I am currently trying to develop a basic fulltext search for my website, and I noticed that certain words like "regarding" are listed as stopwords for MySQL fulltext searches. This doesn't bother me too much right now since people searching for a given news item wouldn't necessarily search using the word "regarding" (but I certainly can't speak for everyone!). However, I was hoping someone here could enlighten me about the rationale for having a stopwords list. Thanks!

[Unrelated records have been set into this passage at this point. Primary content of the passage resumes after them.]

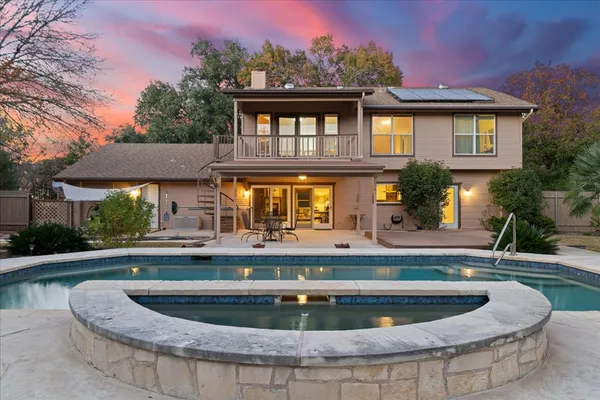 a view of a house with swimming pool and a yard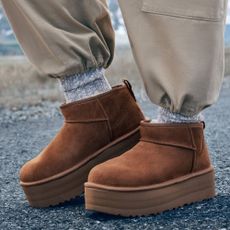 A close up of someone wearing some beige trousers, grey socks and some brown UGG-style slipper boots.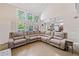 Bright, open-concept living room with hardwood floors connecting to the kitchen at 4365 Dover Crossing Dr, Marietta, GA 30066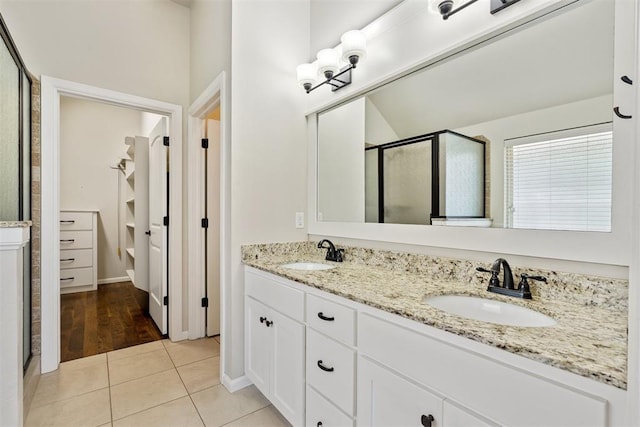 28 143rd St, Oklahoma City, OK 73170 - full bathroom with a shower stall, double vanity, tile patterned flooring, and a closet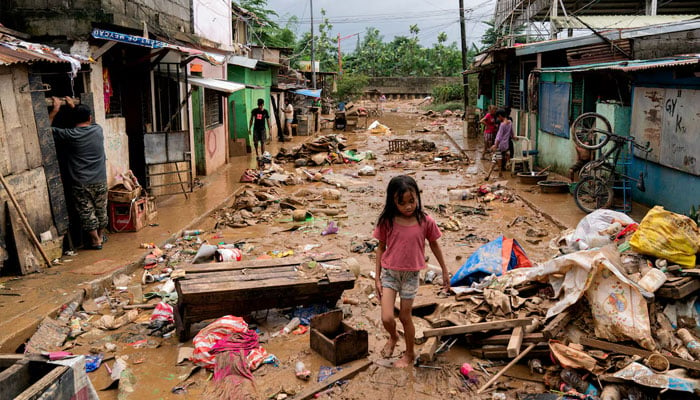 A girl walks past the debris and mud following the floods brought by Typhoon Gaemi, in Marikina City, Metro Manila, Philippines, July 25, 2024. — Reuters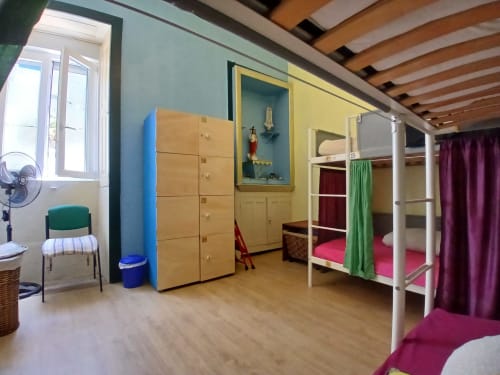 Bright female dormitory room at Bom Caminha hostel in Caminha with bunk beds, wooden storage, and colorful decor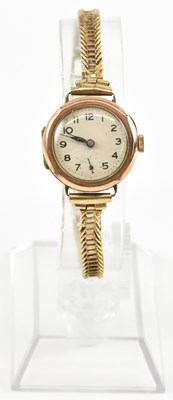 Lot 1025 - A lady's 9ct gold wristwatch, the white...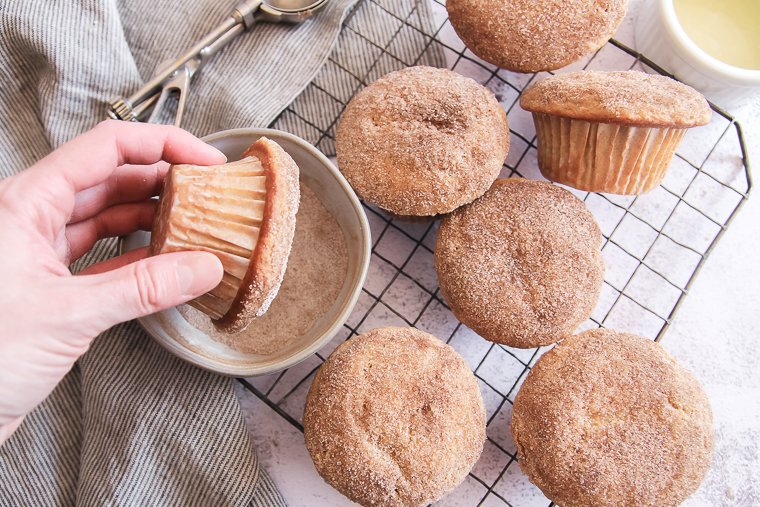 dipping the muffin in cinnamon-sugar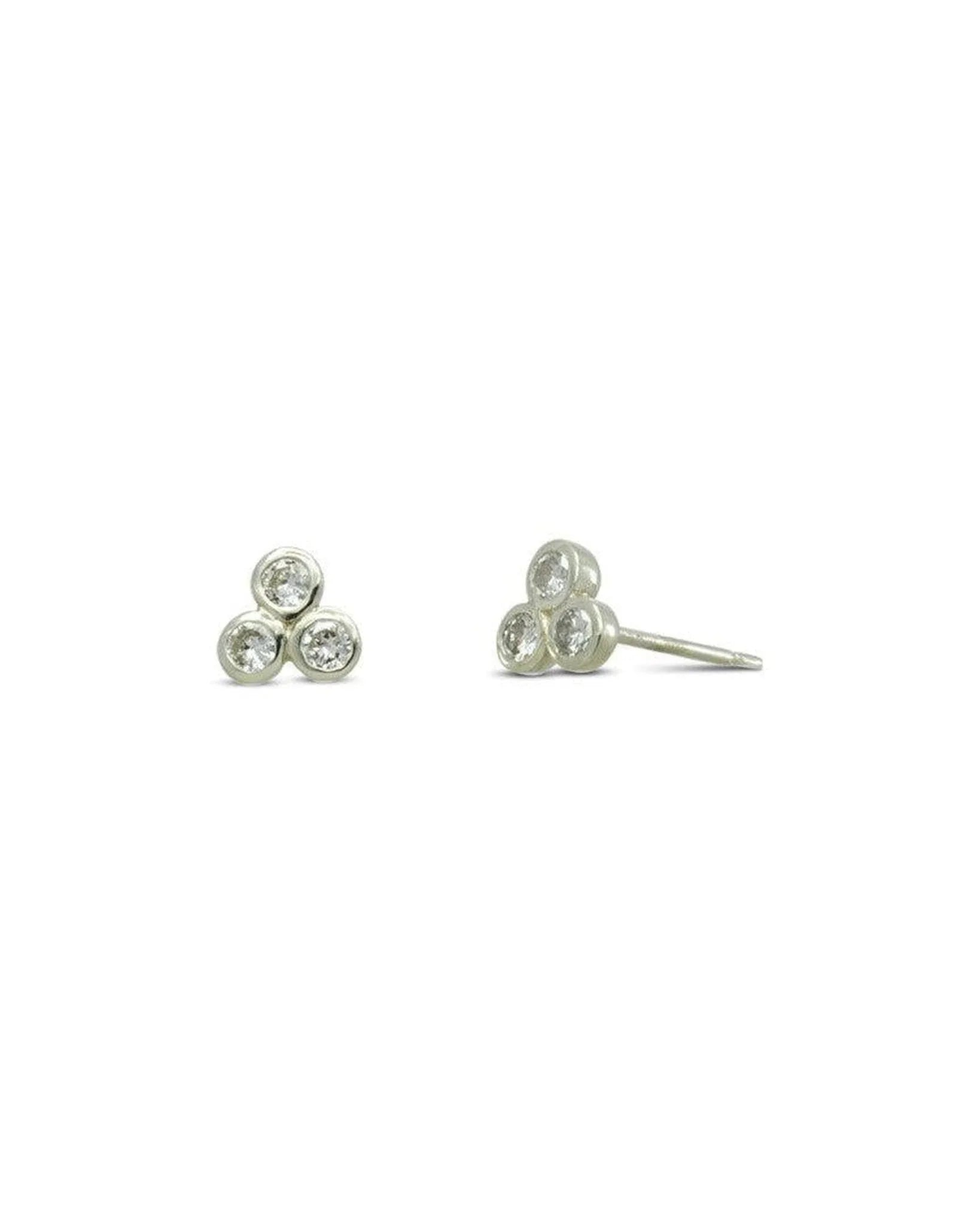 White gold stud earrings with three round diamonds in a trefoil design on white background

For Clarification: I'm using MyIsam for my fulltext table. The stopwords are words that MySQL won't index (for any fulltext index). As noted in a comment to this question, there is a full list of stopwords without any kind of explanation. I'd just like to know if there was a rationale behind the words "they" chose.

1
Do you want to use mySQL for your searching? Would you not be happier implementing something else? - Layke
@Laykes I might be happier using a different framework. I'm developing very conservatively right now since I'm not in control of the server for which I'm developing. I also don't need a terribly advanced search for my site. Either way, I'm still curious about the stopword list. - just_wes
weird, I never knew about stopwords - here is a full list but without explanation: dev.mysql.com/doc/refman/5.1/en/fulltext-stopwords.html - Otto Allmendinger

1 Answers

8
votes

The stop words are just common words in the English language. In most cases, your search results will be more relevant -- and your indices will be smaller and faster -- if you don't index these words.

You can edit the stop word list using the ft_stopword_file variable (or set it to '' to index all words as long or longer than ft_min_word_len) if that suits your needs better. You can also change the minimum indexed word length using the ft_min_word_len variable, which exists for the same reason.